SALOMÉ
He aquí una combinación trágicamente luminosa: Salomé, Oscar Wilde e Irene Azuela. La primera, una mujer bíblica, tuvo el mezquino mérito de ordenar la decapitación de Juan el Bautista. El segundo, un autor maldito y denostado por todos los públicos de su tiempo, tuvo el acierto de tergiversar el relato bíblico para mostrar al mundo la fuerza destructiva de la pasión, el deseo desbordado y la venganza. Y la tercera, una actriz mexicana que reveló un talento fuera de serie al ser dirigida por John Malcovich en El buen canario.
La obra es de un dramatismo inusual desde cualquier ángulo que se le vea. Salomé fue, dicen los evangelios, una mujer extraordinariamente hermosa, convertida en símbolo demoníaco por sus circunstancias y decisiones. Oscar Wilde era escritor exquisito que retaba al mundo entero en cada una de sus obras, y que a la postre resultó víctima de amores prohibidos y desahuciados.
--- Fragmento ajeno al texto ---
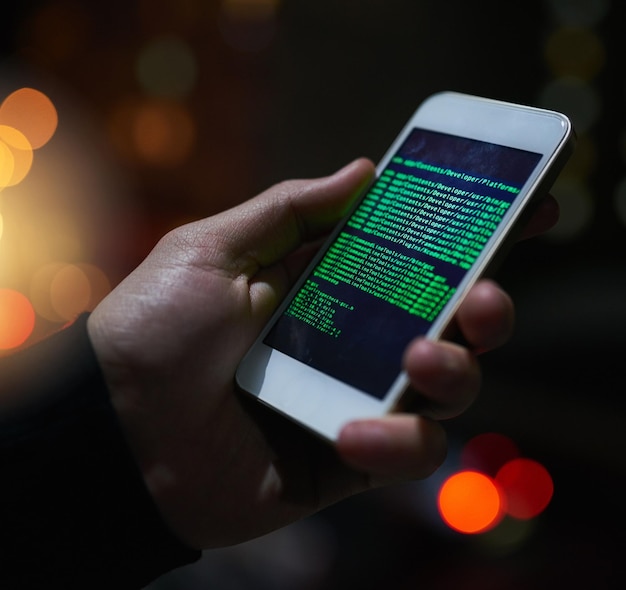 Hand smartphone and cyber security with ux screen and code for future technology and system update Person digital and communication on mobile for connection algorithm and hacking in database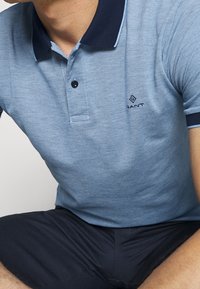 Polo bleu clair en tissu texturé, doté d'un col bleu foncé, de trois boutons et d'un logo sur le côté gauche de la poitrine.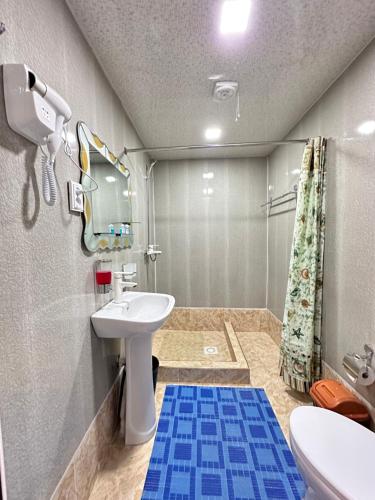 y baño con lavabo, aseo y espejo. en Gold Khiva en Khiva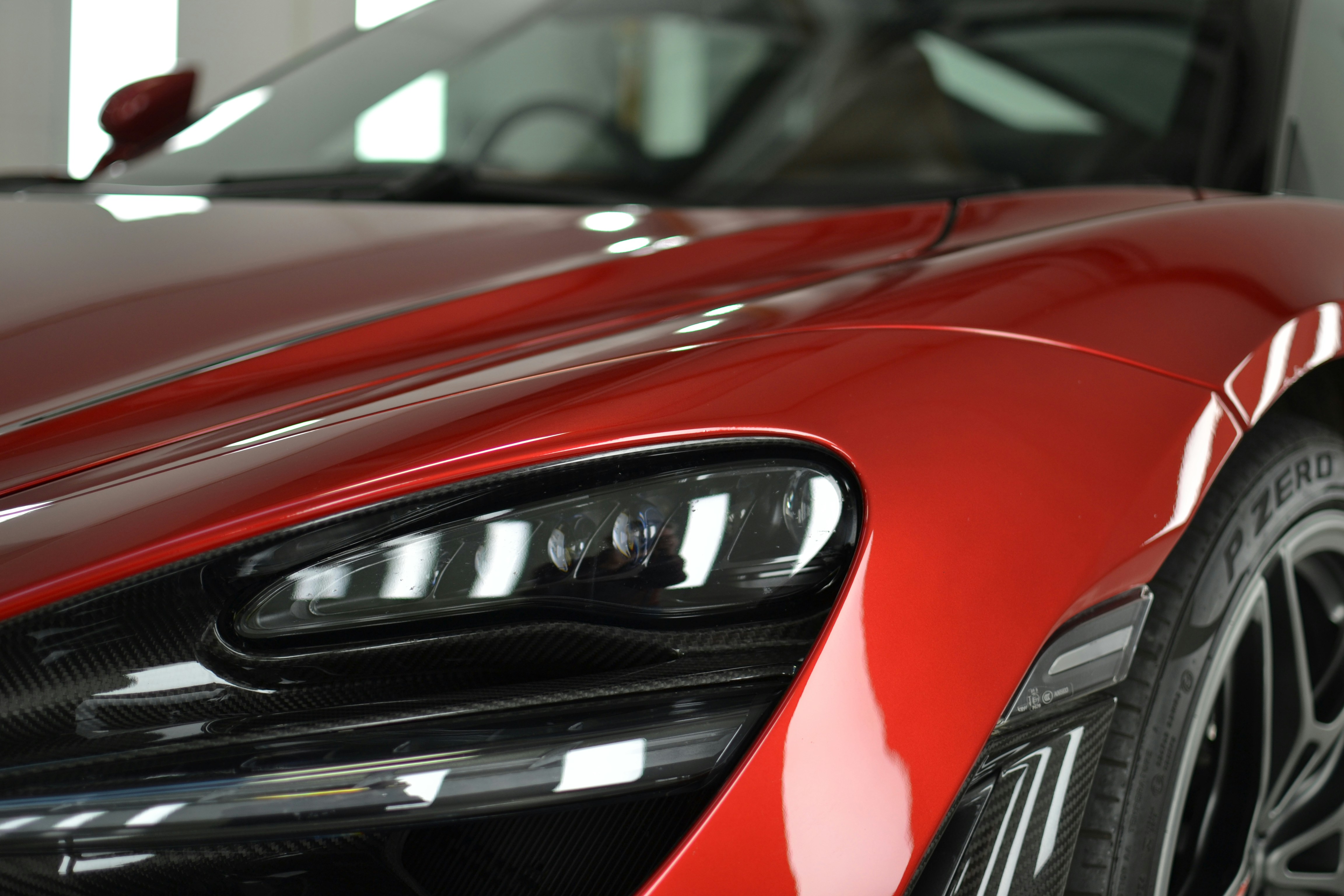 a close up of the front of a red sports car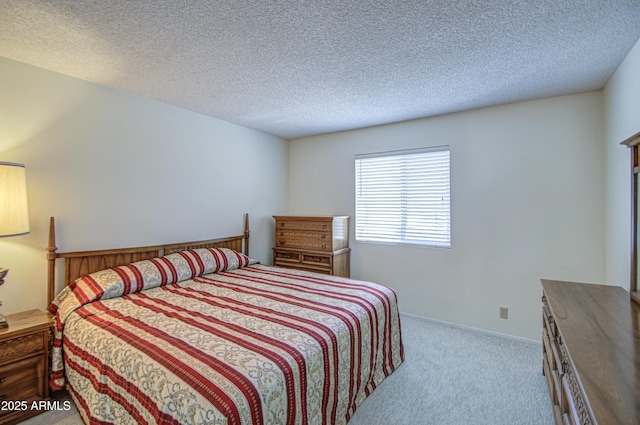 bedroom featuring carpet flooring and a textured ceiling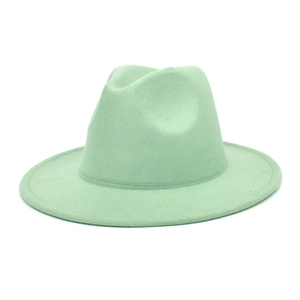 Close-up of mint green fedora hat featuring a classic indented crown and stitched brim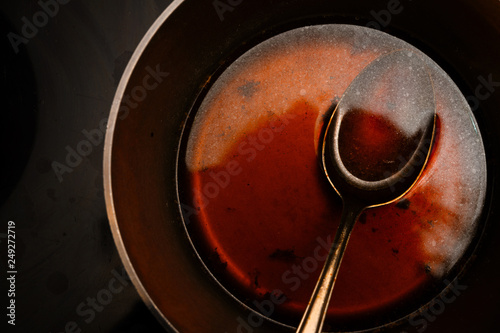 view into the pot with a spoon while cooking a morel sauce of beef stock and port wine, dark background with copy space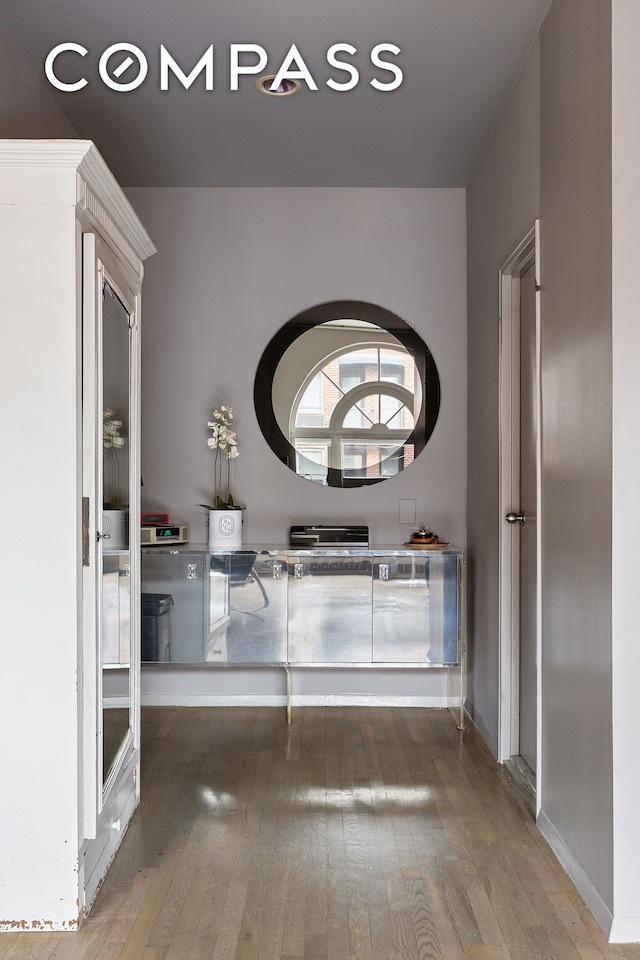 corridor with wood-type flooring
Antes de su particular tragedia, Wilde entraba a los cafés de París buscando la música adecuada para su obra. “Busco una partitura para una mujer que baila con los pies descalzos sobre la sangre de su amado”, decía, y con el tiempo la obra llegó a interesar ni más ni menos que a Richard Strauss.
La obra se estrenó mientras Wilde purgaba en la cárcel de Reading una condena injusta, y nunca pudo ver su puesta en escena.
Y Azuela, dueña también de una belleza bíblica, tiene el don de interpretar con fuerza propia las atrocidades de la venganza.